◆ **TASK INPUT**:
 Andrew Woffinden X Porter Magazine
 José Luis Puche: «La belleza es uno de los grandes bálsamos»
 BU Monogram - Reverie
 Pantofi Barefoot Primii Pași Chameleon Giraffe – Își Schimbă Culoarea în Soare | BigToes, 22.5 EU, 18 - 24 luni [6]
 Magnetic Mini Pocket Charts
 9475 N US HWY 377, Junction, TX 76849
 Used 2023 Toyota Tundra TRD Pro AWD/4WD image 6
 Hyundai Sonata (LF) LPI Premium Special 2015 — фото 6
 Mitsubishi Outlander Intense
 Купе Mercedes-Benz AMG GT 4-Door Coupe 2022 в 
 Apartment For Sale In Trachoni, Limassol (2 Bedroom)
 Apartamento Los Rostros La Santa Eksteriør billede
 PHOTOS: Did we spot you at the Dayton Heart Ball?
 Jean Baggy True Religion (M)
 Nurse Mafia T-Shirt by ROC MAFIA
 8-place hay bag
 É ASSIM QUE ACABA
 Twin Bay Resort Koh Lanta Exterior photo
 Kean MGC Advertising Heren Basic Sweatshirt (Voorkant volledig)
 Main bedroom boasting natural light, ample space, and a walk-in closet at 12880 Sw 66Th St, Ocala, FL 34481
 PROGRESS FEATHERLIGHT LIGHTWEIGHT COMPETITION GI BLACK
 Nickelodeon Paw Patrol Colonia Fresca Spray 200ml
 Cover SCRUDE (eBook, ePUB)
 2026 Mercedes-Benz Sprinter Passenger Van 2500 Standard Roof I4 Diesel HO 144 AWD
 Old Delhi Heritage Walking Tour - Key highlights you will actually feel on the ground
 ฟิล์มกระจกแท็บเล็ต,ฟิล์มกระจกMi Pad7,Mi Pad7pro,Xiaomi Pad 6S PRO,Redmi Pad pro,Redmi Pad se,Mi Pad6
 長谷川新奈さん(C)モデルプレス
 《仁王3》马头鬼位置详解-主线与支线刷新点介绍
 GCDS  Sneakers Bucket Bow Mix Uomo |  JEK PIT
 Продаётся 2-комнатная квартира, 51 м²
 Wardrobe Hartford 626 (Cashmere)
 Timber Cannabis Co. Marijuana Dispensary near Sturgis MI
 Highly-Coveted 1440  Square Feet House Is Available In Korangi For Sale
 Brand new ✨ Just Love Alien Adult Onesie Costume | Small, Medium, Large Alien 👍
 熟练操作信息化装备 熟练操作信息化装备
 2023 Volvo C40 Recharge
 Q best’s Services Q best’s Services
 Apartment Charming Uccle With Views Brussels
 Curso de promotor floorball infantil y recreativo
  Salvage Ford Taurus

◆ **PROBLEM**:
From the listing above, output exactly the run of lines that starts with the line containing "belleza es uno" and ends with the line containing "8-place hay bag".

◆ **EXERCISE OUTPUT**:
 José Luis Puche: «La belleza es uno de los grandes bálsamos»
 BU Monogram - Reverie
 Pantofi Barefoot Primii Pași Chameleon Giraffe – Își Schimbă Culoarea în Soare | BigToes, 22.5 EU, 18 - 24 luni [6]
 Magnetic Mini Pocket Charts
 9475 N US HWY 377, Junction, TX 76849
 Used 2023 Toyota Tundra TRD Pro AWD/4WD image 6
 Hyundai Sonata (LF) LPI Premium Special 2015 — фото 6
 Mitsubishi Outlander Intense
 Купе Mercedes-Benz AMG GT 4-Door Coupe 2022 в 
 Apartment For Sale In Trachoni, Limassol (2 Bedroom)
 Apartamento Los Rostros La Santa Eksteriør billede
 PHOTOS: Did we spot you at the Dayton Heart Ball?
 Jean Baggy True Religion (M)
 Nurse Mafia T-Shirt by ROC MAFIA
 8-place hay bag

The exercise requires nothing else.